India, which relies on oil imports from Iran, has been making payments to Hamburg's Europaeisch-Iranische Handelsbank, German business daily Handelsblatt reported this week.

The money flows through the Bundesbank, Germany's central bank, and is then wired by EIH to Iran. U.S. authorities have accused the EIH of funding Iranian weapons purchases but Berlin says there is no evidence that this is actually happening.

Spiegel Online, Germany's most-read news Web site, said the deal stands in direct connection to the release of two German journalists from an Iranian prison in February, after they had been detained as spies since last October.
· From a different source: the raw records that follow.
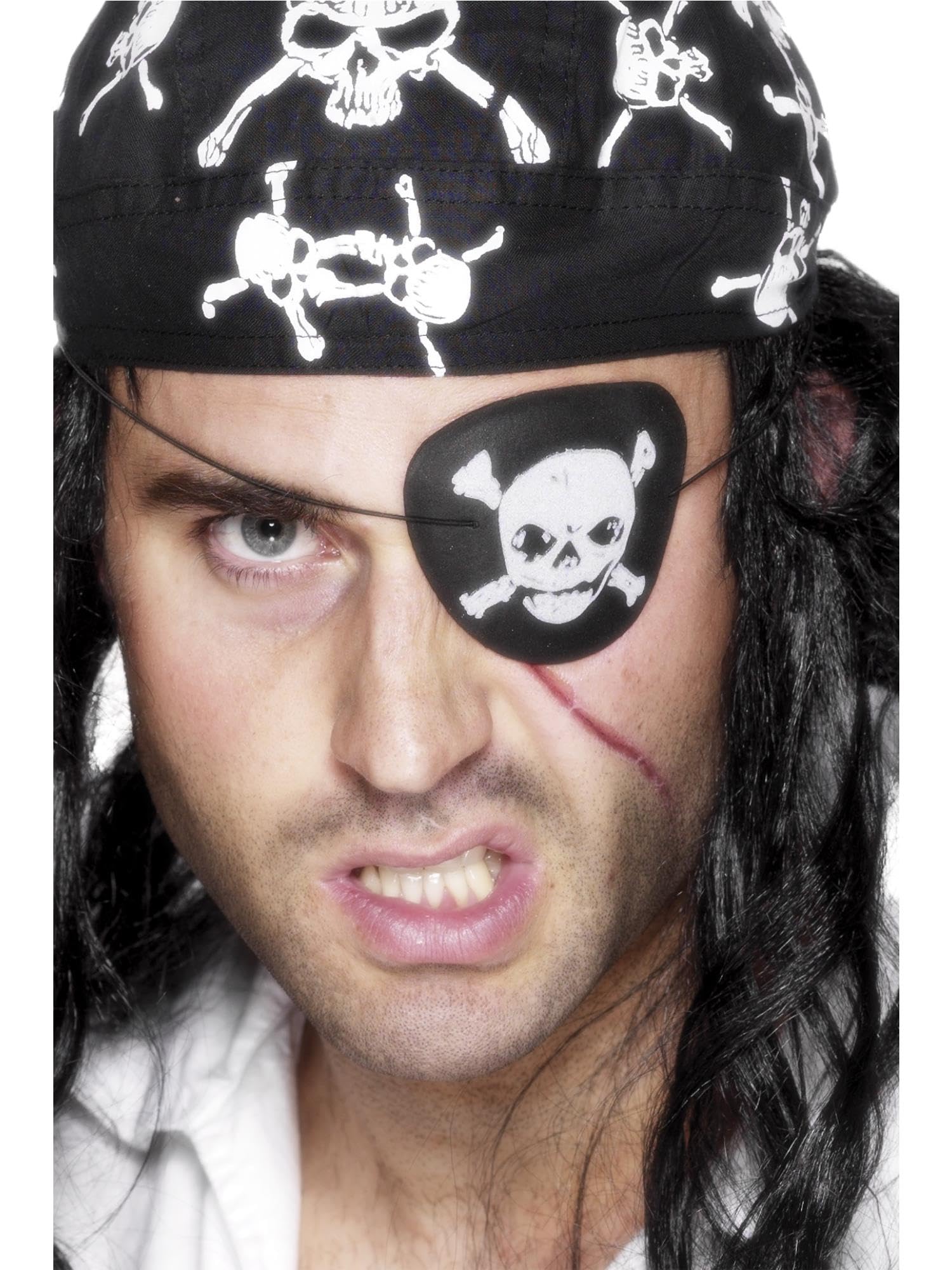 Smiffys Pirate Eyepatch with Skull and Crossbones - Black & White Accessory 1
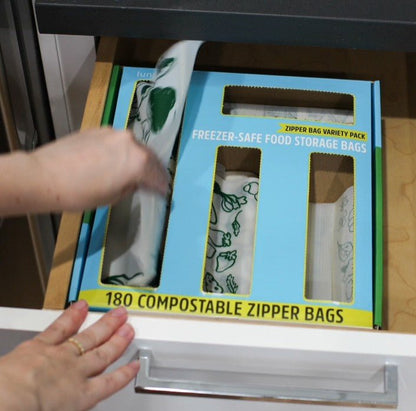Compostable food storage bags in a drawer-ready variety pack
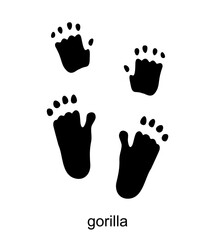Gorilla track, gorilla footprint. Ink, silhouette Vector illustration isolated on white background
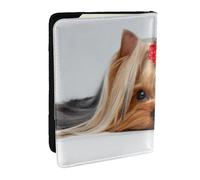 Wykjtwo Terrier de Yorkshire, Funda para Pasaporte Cartera de Viaje de Cuero PU Funda para Pasaporte Fundas para Pasaporte 6,5 Pulgadas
The German government acted as a mediator in the latest banking deal, the Web site says, citing an unnamed government source.

German Foreign Minister Guido Westerwelle in February flew to Iran to meet with Iranian President Mahmoud Ahmadinejad, in the first bilateral encounter between the Iranian president and a German foreign minister, to return the journalists to Germany after months of what Berlin has called "difficult negotiations."
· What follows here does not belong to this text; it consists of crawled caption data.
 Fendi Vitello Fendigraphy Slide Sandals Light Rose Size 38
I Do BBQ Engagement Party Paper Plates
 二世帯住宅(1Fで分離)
The German opposition and exiled Iranians in Europe condemned the meeting as an unnecessary gesture to the Iranian regime but Westerwelle defended it as necessary to free the journalists.
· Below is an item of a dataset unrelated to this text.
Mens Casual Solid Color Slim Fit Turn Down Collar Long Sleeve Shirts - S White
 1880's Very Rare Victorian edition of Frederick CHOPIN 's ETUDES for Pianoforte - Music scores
The foreign minister has come under pressure from the German opposition and U.S. diplomats for the latest banking deal. It follows a decision by Germany to side with China and Russia to abstain in a U.N. Security Council vote regarding military action against Libya. While the move was widely seen as a nod to German voters ahead of two key regional elections, it did little to please the United States.

Washington is even less tolerant when it comes to helping Iran evade sanctions.

U.S. authorities have in the past accused the EIH of being a tool used by the regime in Tehran to circumvent sanctions on its biggest banks and of handling payments for Iranian missile and nuclear weapons development.

The recent transactions made via the German Federal Bank haven't gone down well in Washington; U.S. authorities want Berlin to block the payments.

"Treasury is concerned about recent reports that the German government authorized the use of EIH as a conduit for India's oil payments to Iran," a U.S. Treasury official who spoke on customary condition of anonymity told The New York Times. "Treasury will continue to engage with both German and Indian authorities about this situation, and will continue to work with all our allies to isolate EIH."

While U.S. banks are barred from doing business with EIH, the European Union hasn't listed the institution as involved in violating international sanctions. The bank has always denied any wrongdoing.

Germany says it closely monitors the bank's activities, with two observers permanently present at the bank to monitor and approve or block transactions valued more than $56,000.

Milan Peschke, a spokesman for the German foreign ministry earlier this week said that Berlin was "of course aware of the sensitivity of this problem."

However, with the EIH not on the EU's blacklist, "there is no legal basis to block its business activities," Peschke said.